§ Information:
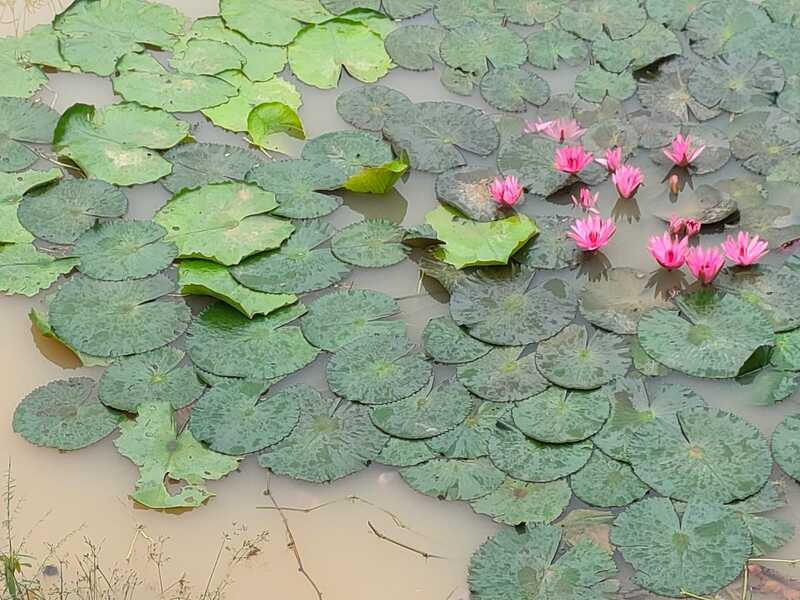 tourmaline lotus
--
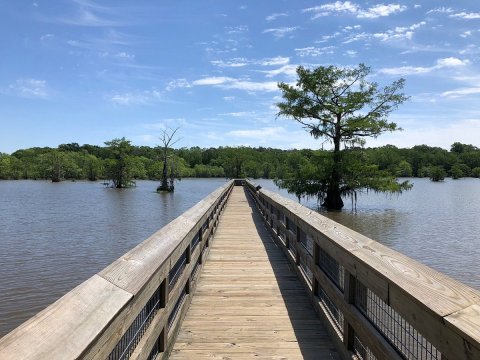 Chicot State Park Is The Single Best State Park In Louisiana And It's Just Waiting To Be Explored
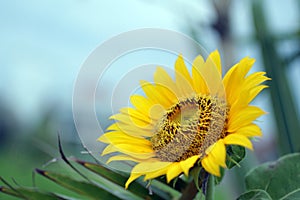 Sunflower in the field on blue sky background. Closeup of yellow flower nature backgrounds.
---
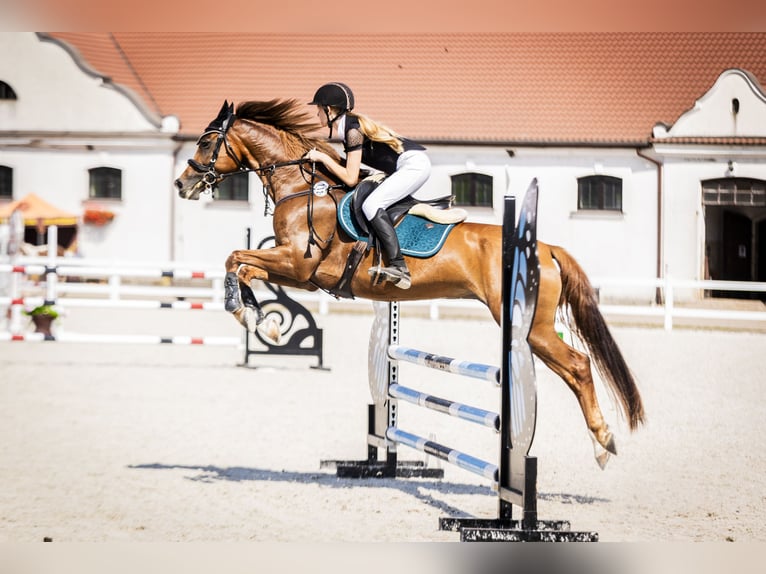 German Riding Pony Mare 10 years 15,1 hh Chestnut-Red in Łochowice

§ Task item:
What are the lines in the records above, word for word, from the one containing "Chicot State Park" through the one containing "Sunflower in the", both ends included and pictures left out?

§ Task solution:
 Chicot State Park Is The Single Best State Park In Louisiana And It's Just Waiting To Be Explored
 Sunflower in the field on blue sky background. Closeup of yellow flower nature backgrounds.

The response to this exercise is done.